**Dataset extract:**

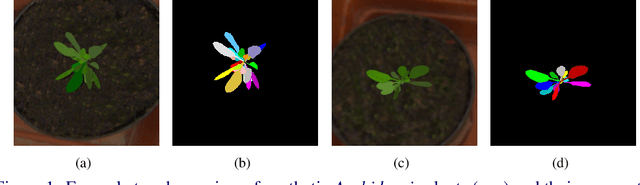 Figure 1 for Deep Leaf Segmentation Using Synthetic Data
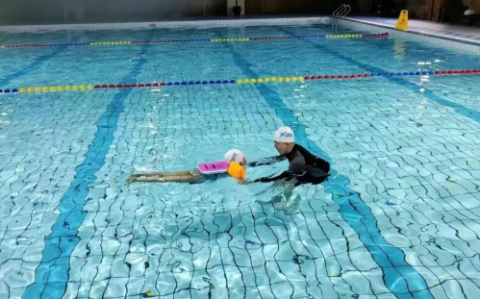 悦游游泳培训秦皇岛门店：专业双证教学，全龄段安心学游泳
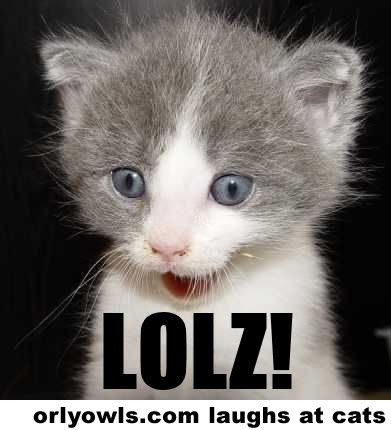 lolz cat Pictures, Images and Photos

**Instructions to follow:** Once the pictures are set aside, retype the rest of the listing exactly.

**Solution for this problem:**
 Figure 1 for Deep Leaf Segmentation Using Synthetic Data
 悦游游泳培训秦皇岛门店：专业双证教学，全龄段安心学游泳
 lolz cat Pictures, Images and Photos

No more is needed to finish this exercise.